» **Input data**:
++++

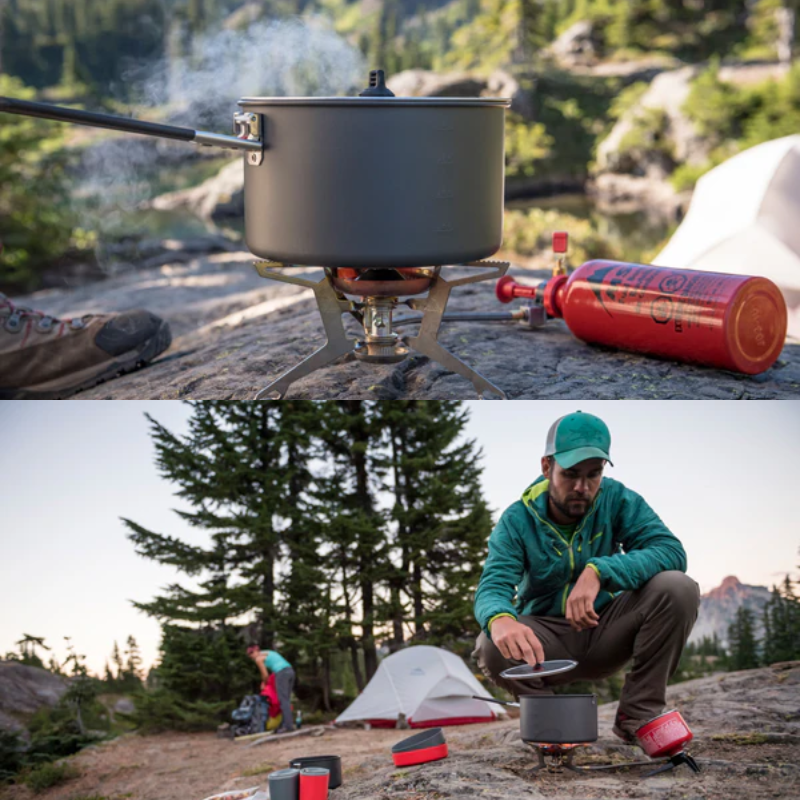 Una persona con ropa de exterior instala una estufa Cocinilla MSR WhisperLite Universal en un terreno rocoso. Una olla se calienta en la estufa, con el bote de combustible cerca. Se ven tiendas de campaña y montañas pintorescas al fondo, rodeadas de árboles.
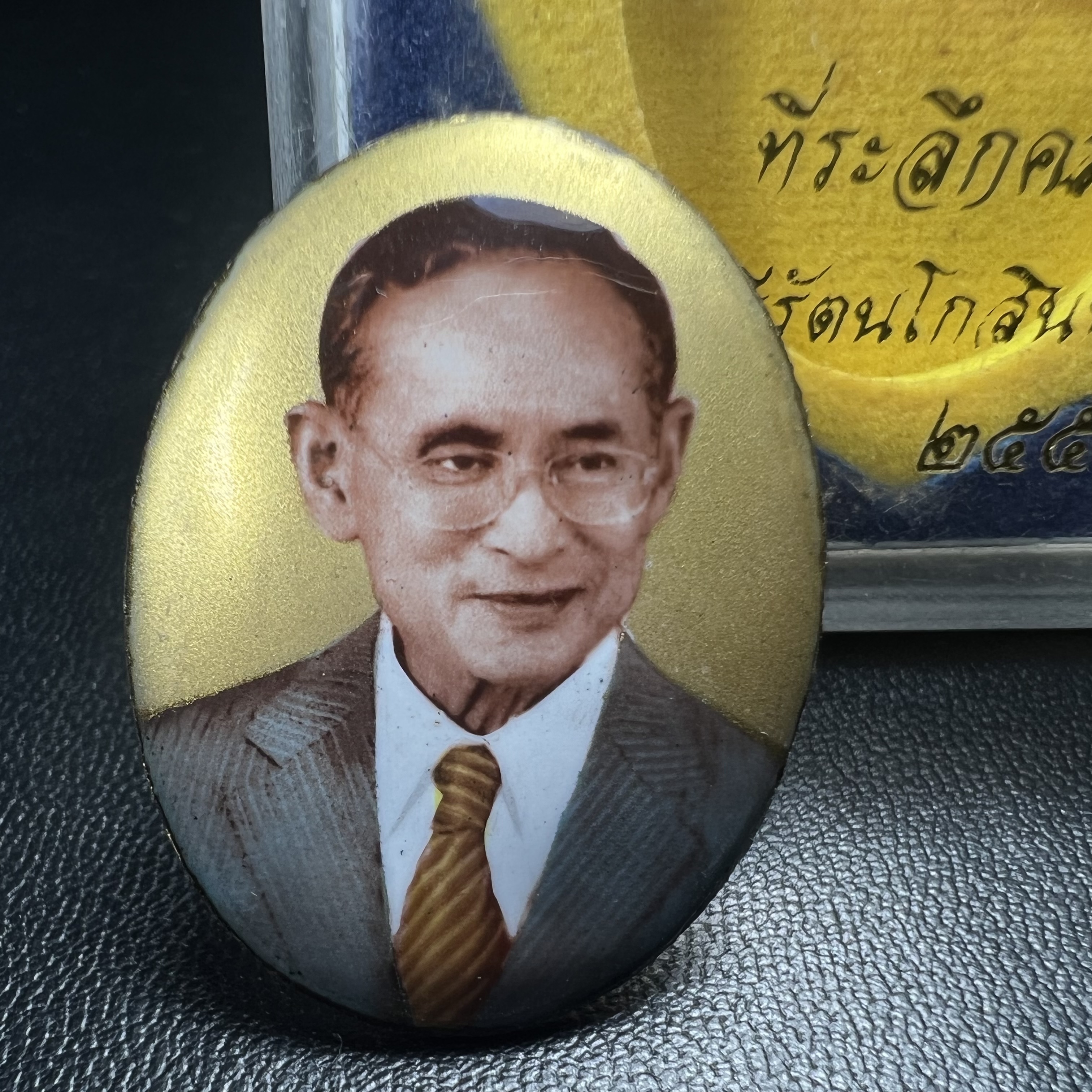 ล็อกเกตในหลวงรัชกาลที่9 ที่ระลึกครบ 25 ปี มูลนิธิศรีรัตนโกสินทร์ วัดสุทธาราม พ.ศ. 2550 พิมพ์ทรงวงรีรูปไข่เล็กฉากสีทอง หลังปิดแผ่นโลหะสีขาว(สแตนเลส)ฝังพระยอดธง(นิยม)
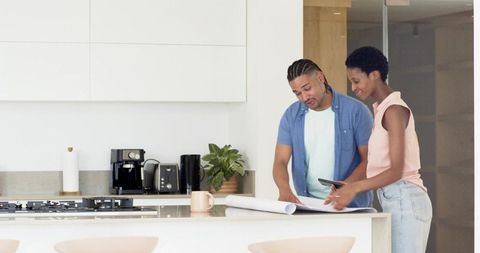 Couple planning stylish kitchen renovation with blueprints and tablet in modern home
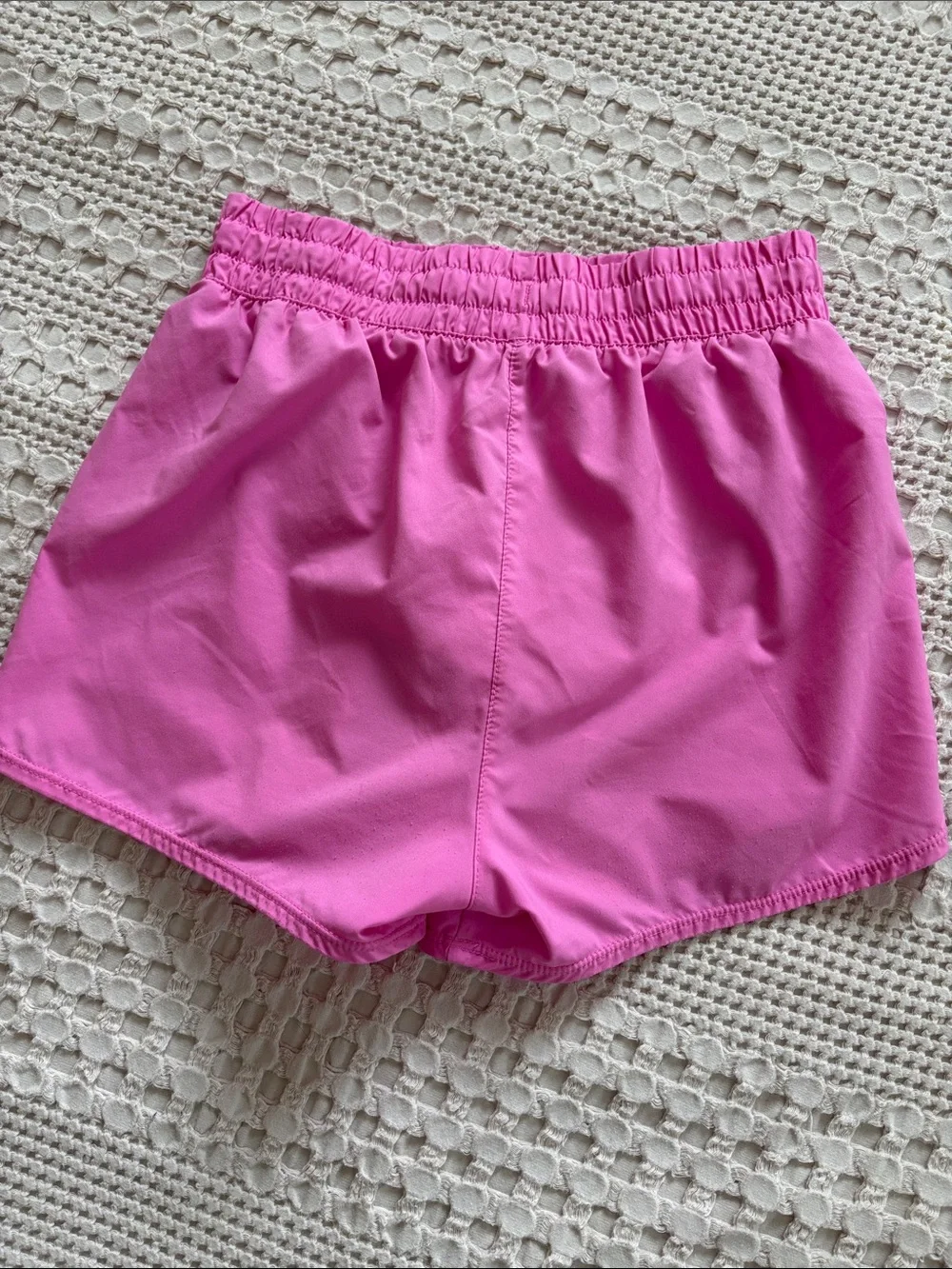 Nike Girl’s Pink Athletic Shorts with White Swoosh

++++

The full listing, reproduced exactly and without pictures, is the expected output.

» **Finished task**:
 Una persona con ropa de exterior instala una estufa Cocinilla MSR WhisperLite Universal en un terreno rocoso. Una olla se calienta en la estufa, con el bote de combustible cerca. Se ven tiendas de campaña y montañas pintorescas al fondo, rodeadas de árboles.
 ล็อกเกตในหลวงรัชกาลที่9 ที่ระลึกครบ 25 ปี มูลนิธิศรีรัตนโกสินทร์ วัดสุทธาราม พ.ศ. 2550 พิมพ์ทรงวงรีรูปไข่เล็กฉากสีทอง หลังปิดแผ่นโลหะสีขาว(สแตนเลส)ฝังพระยอดธง(นิยม)
 Couple planning stylish kitchen renovation with blueprints and tablet in modern home
 Nike Girl’s Pink Athletic Shorts with White Swoosh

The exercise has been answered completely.